Try it:
Your task is to copy the listing exactly. Drop any pictures from the copy.

Data provided:
================
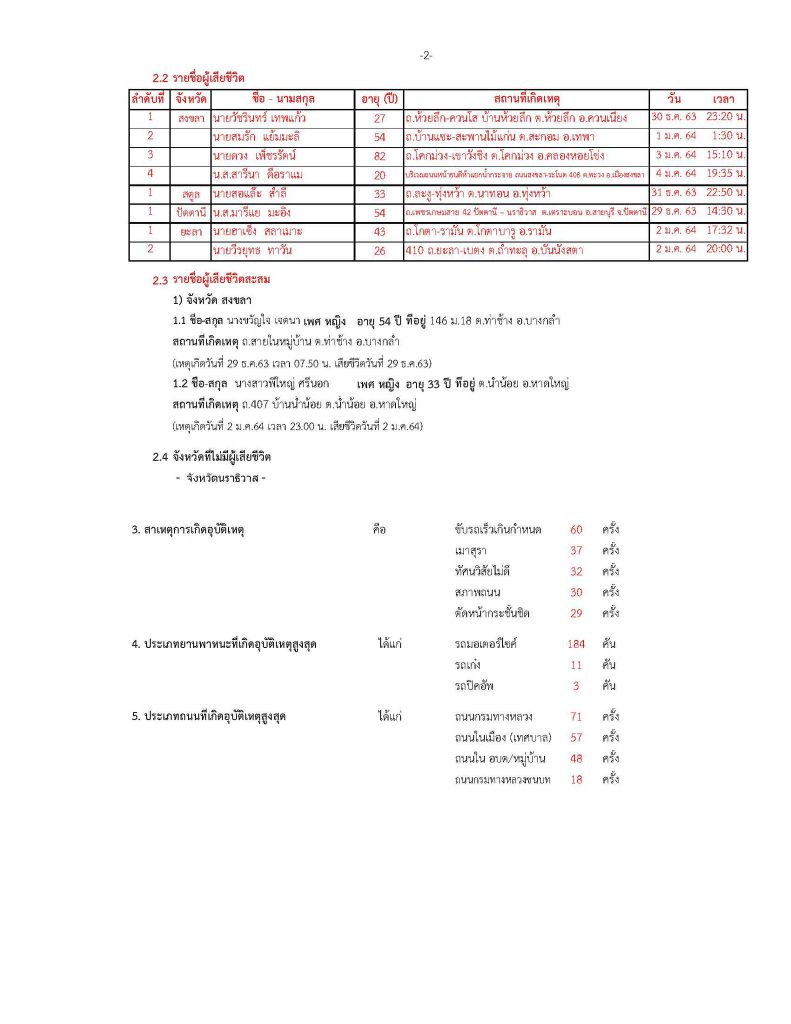 ยอด 7 วันอันตราย ! ปภ. เขต 12 สงขลาสรุปยอดอุบัติเหตุทางถนนในช่วง เทศกาลปีใหม่ประจำปี 2564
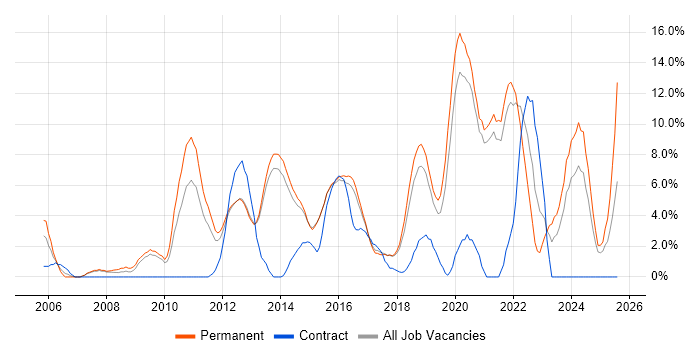 Job vacancy trend for Mentoring in Richmond upon Thames Job vacancy trend for Mentoring in Richmond upon Thames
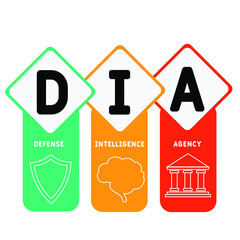 DIA - Defense Intelligence Agency acronym. business concept background. vector illustration concept with keywords and icons. lettering illustration with icons for web banner, flyer, landing pag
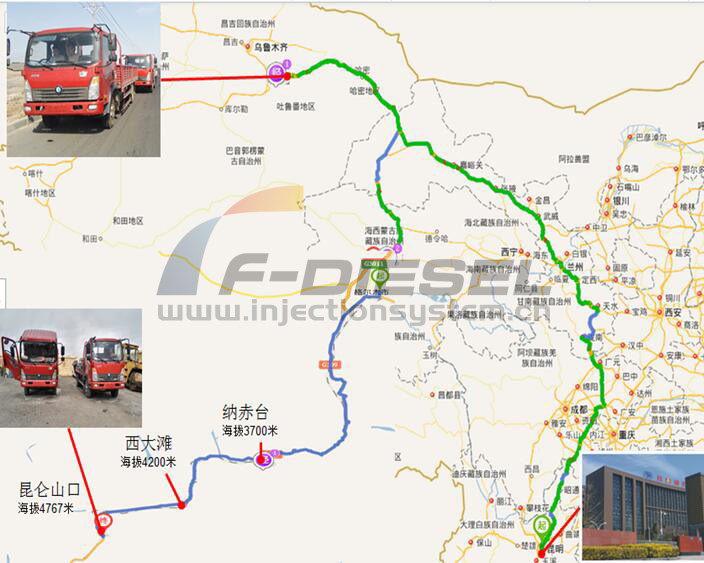 Three-Ambient Testing Route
================
Answer to this task:
 ยอด 7 วันอันตราย ! ปภ. เขต 12 สงขลาสรุปยอดอุบัติเหตุทางถนนในช่วง เทศกาลปีใหม่ประจำปี 2564
 Job vacancy trend for Mentoring in Richmond upon Thames Job vacancy trend for Mentoring in Richmond upon Thames
 DIA - Defense Intelligence Agency acronym. business concept background. vector illustration concept with keywords and icons. lettering illustration with icons for web banner, flyer, landing pag
 Three-Ambient Testing Route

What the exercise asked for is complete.